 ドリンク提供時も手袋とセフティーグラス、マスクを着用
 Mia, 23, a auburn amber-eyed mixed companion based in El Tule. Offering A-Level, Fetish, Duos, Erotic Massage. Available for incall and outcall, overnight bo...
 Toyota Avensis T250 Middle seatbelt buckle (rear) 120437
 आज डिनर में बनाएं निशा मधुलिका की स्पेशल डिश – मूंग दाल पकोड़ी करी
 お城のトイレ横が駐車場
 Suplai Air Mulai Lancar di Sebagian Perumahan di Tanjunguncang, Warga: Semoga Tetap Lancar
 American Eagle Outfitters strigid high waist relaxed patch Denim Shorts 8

....................

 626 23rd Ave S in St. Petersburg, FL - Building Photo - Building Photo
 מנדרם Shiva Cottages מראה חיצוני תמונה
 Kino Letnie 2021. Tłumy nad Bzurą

....................

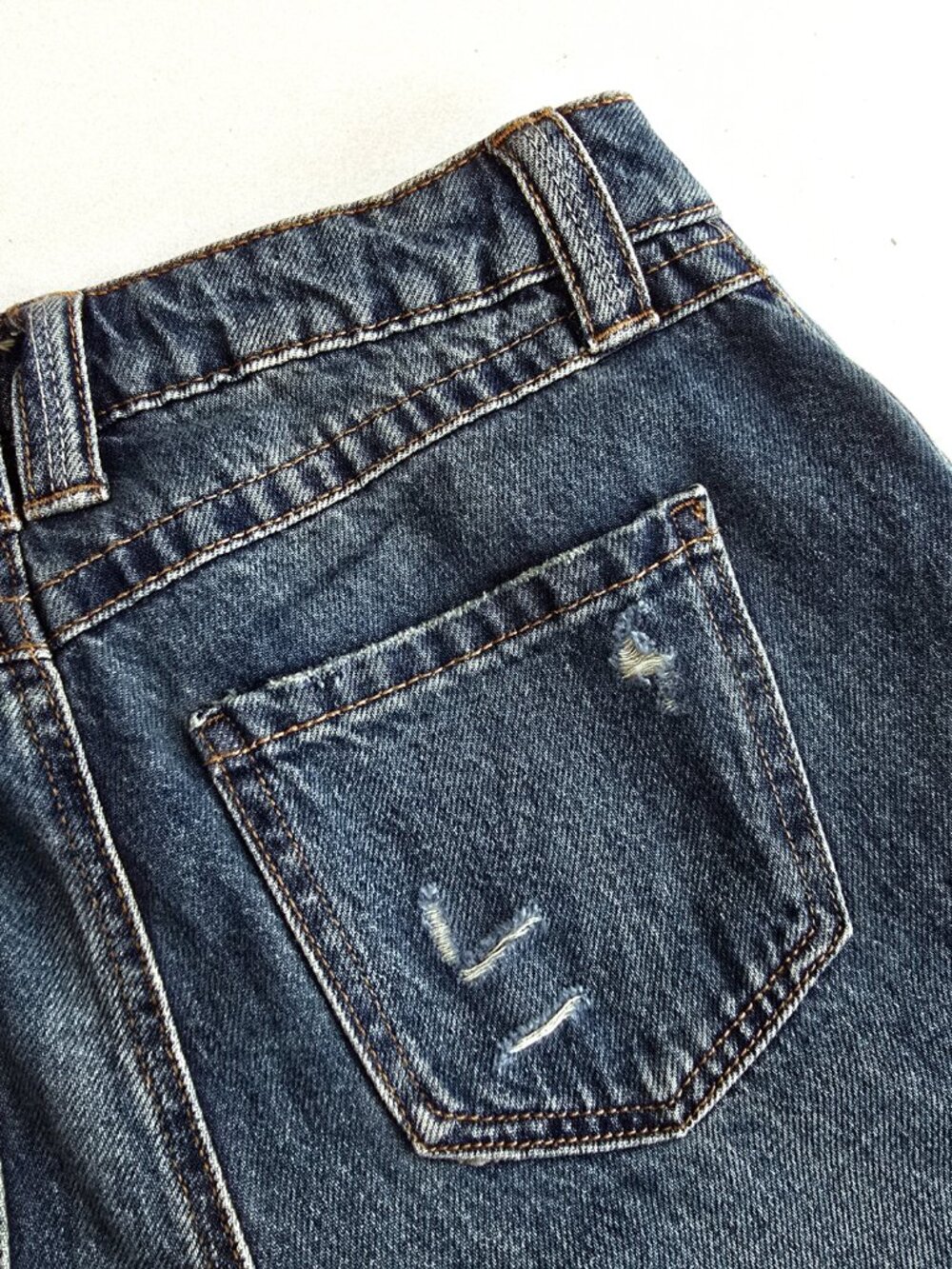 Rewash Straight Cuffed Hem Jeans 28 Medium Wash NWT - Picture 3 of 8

....................

» **What you are asked to do**
Could you write out, exactly as they stand, only the lines above that begin at the line with "आज डिनर में" and stop after the line with "American Eagle Outfitters"?

» **Solution**
 आज डिनर में बनाएं निशा मधुलिका की स्पेशल डिश – मूंग दाल पकोड़ी करी
 お城のトイレ横が駐車場
 Suplai Air Mulai Lancar di Sebagian Perumahan di Tanjunguncang, Warga: Semoga Tetap Lancar
 American Eagle Outfitters strigid high waist relaxed patch Denim Shorts 8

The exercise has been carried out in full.